Keywords: Epulis fissuratum, Peripheral giant cell granuloma, Pyogenic granuloma, Traumatic fibroma.
Oral cavity is constantly being exposed to many stimuli which can irritate the oral mucosa leading to a variety of hyperplastic reactions. Reactive hyperplastic lesions (also called RHLs) are tumorlike hyperplasia produced in response to chronic irritation or trauma. These hyperplastic lesions simulate non-neoplastic proliferations. The goal for the treatment of these conditions is the elimination of the stimulating agents followed by proper dental therapy. Clinically, the reactive lesions can be classified as traumatic fibroma (TF), pyogenic granuloma (PG), PT, and epulis fissuratum (EF). The histologic classification of RHL is angiomatous hyperplasia (AH), fibrous hyperplasia (FH), peripheral ossifying fibroma (POF), and peripheral giant cell granuloma (PGCG). The most common reactive hyperplastic lesions that are encountered in the day-to-day clinical practice are as follows: traumatic fibroma (TF), pyogenic granuloma (PG), pregnancy tumor (PT), peripheral giant cell granuloma, and epulis fissuratum (EF). All these lesions intermingle with each other in their clinical appearances, but the final diagnosis depends on their histopathological features. According to Eversole and Rovin, the different histological entities of inflammatory hyperplasias may be due to the response of connective tissue to varying intensities of mucosal irritation, which is very similar to neoplastic proliferation. The clinical behavior of RHLs pose a challenge in the differential diagnosis of the lesions, as it may vary in different population depending on the variations in the environmental factors and lifestyles.1–3 This paper explains the distinguishing clinical and histopathological features and the management of some of most commonly encountered reactive hyperplastic lesions.

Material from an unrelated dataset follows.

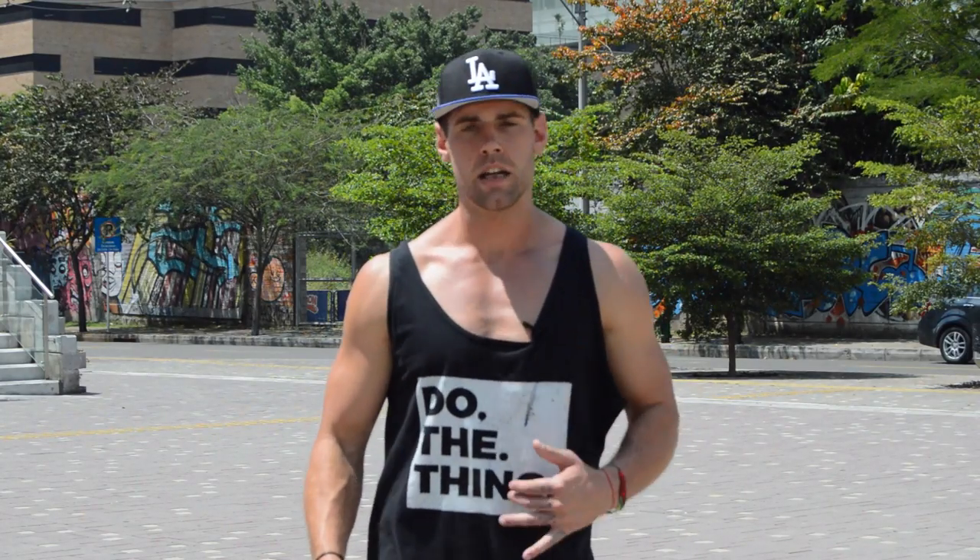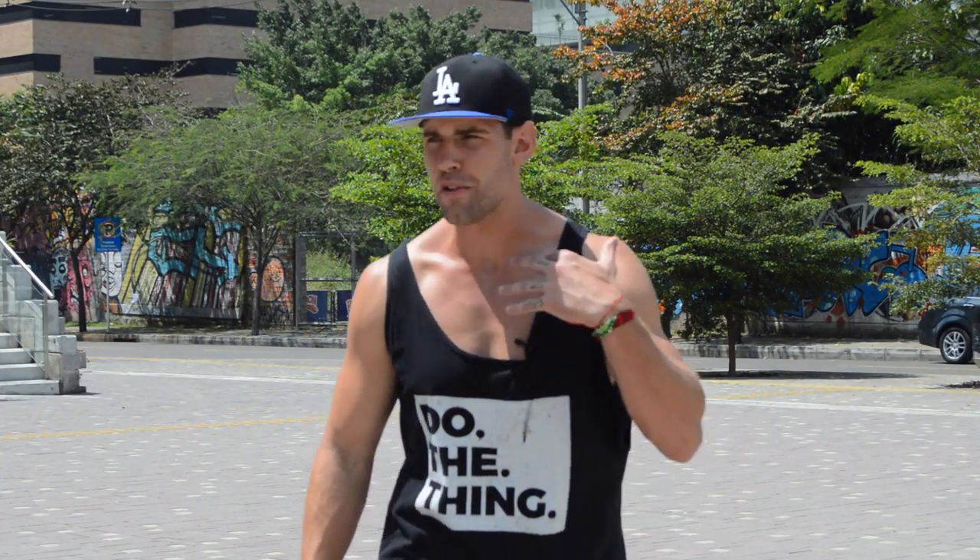What's up, players? What's going on, ladies and gentlemen? Thank you for joining me again on the series, How to Jump Rope Like a Ninja.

Pyogenic granuloma, also known as acquired lobular capillary hemangioma, is a solitary benign vascular tumor of the skin or mucosa. It commonly affects children and young adults, sometimes pregnant women and rarely elderly individuals.4
Pyogenic granuloma is also known as granuloma pediculatum benignum, benign vascular tumor, pregnancy tumor, vascular epulis, and Crocker and Hartzell’s disease.

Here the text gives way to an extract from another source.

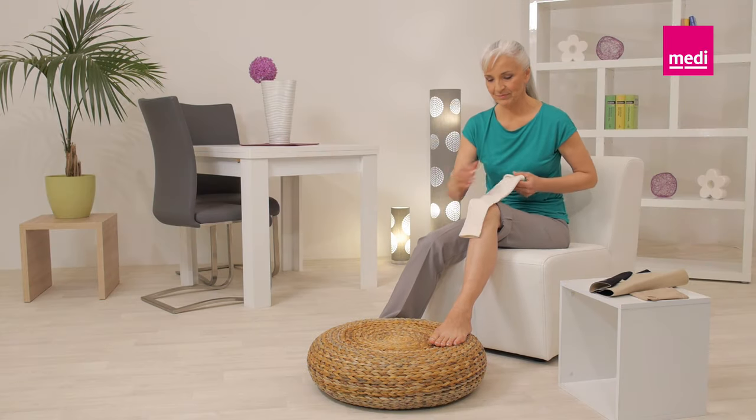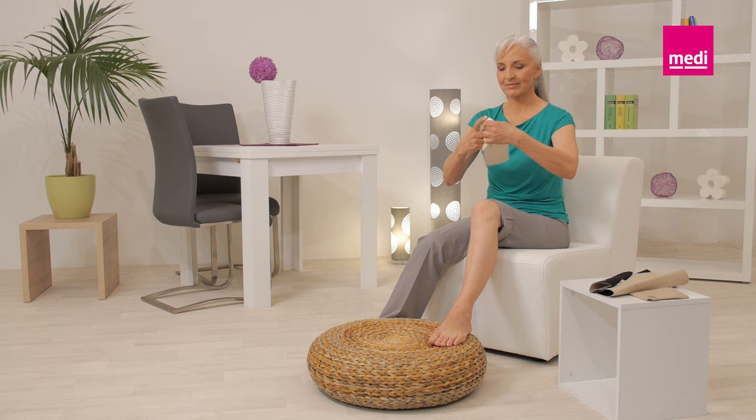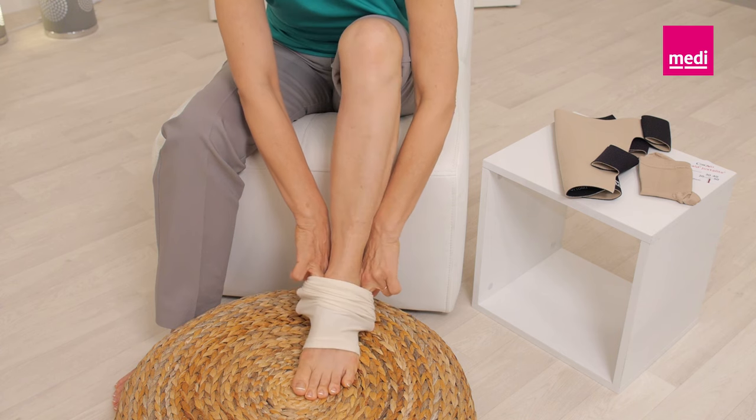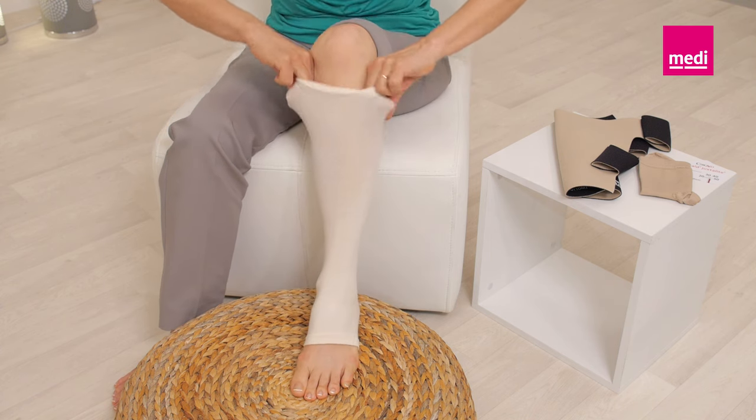Slide the circade undersleeve onto the lower leg and over the knee. The cuffed edge of the undersleeve should cover the heel. Ensure that there are no wrinkles in the undersleeve.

- Poncet and Dor first introduced the term “pyogenic granuloma” in 1897. It was called botryomycosis hominis.
- The term “pyogenic granuloma” was introduced by Hartzell in 1904.

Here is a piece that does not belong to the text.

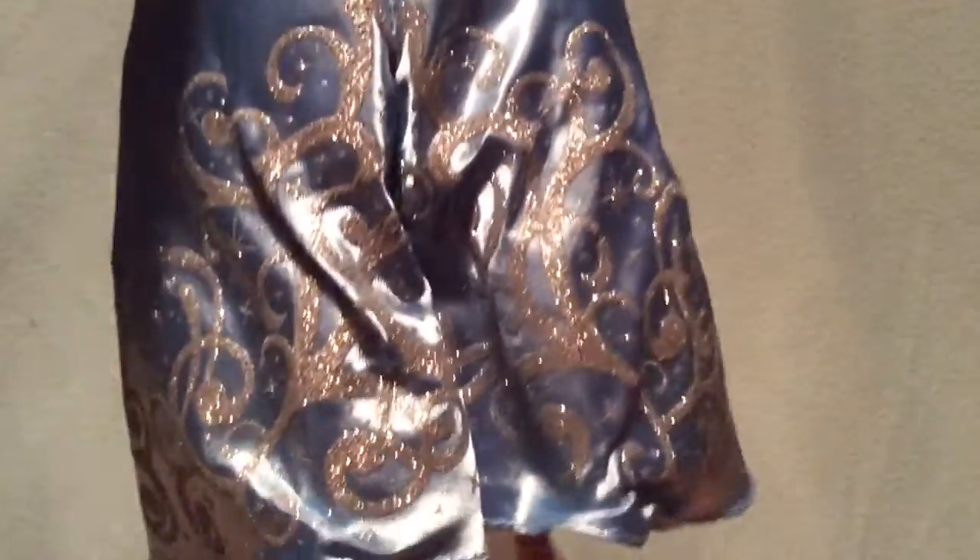One thing I noticed, which is a pity, is that because she's been in the box for a rather long time, her dress is a little wrinkled in the back. I tried to straighten it out but it still goes a little wrinkly, and you can't exactly iron it, so that's a little disappointing. She also has a lot of tissue paper under the dress.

- Due to the enormous neovascularization, it is also called granuloma telangiectacticum.
- It is a “benign, acquired, vascular, neoplasm.”2,4–6
Various etiopathogenesis have been postulated about pyogenic granuloma.
- Minor trauma to the tissues provides a pathway for invasion of nonspecific types of microorganisms which causes overzealous proliferation of a vascular type of connective tissue.
- The granulation tissue in oral pyogenic granuloma becomes contaminated by the flora of oral cavity covering the surface by fibrin mimicking pus.
- Factors like trauma, primary tooth injuries, chronic irritation, hormones, drugs, gingival inflammation, chronic irritation due to exfoliation of primary teeth, defective fillings in the region of tumor, food impaction, and toothbrush trauma contribute toward the development of the lesion.
- Cytokines like bFGF, which is a heparin binding angiogenic protein, is found to be highly mitogenic for capillary endothelial cells thereby inducing angiogenesis.
- Hormonal influence in females triggers the formation of pg as estrogen and progesterone acts on gingiva as the target organ.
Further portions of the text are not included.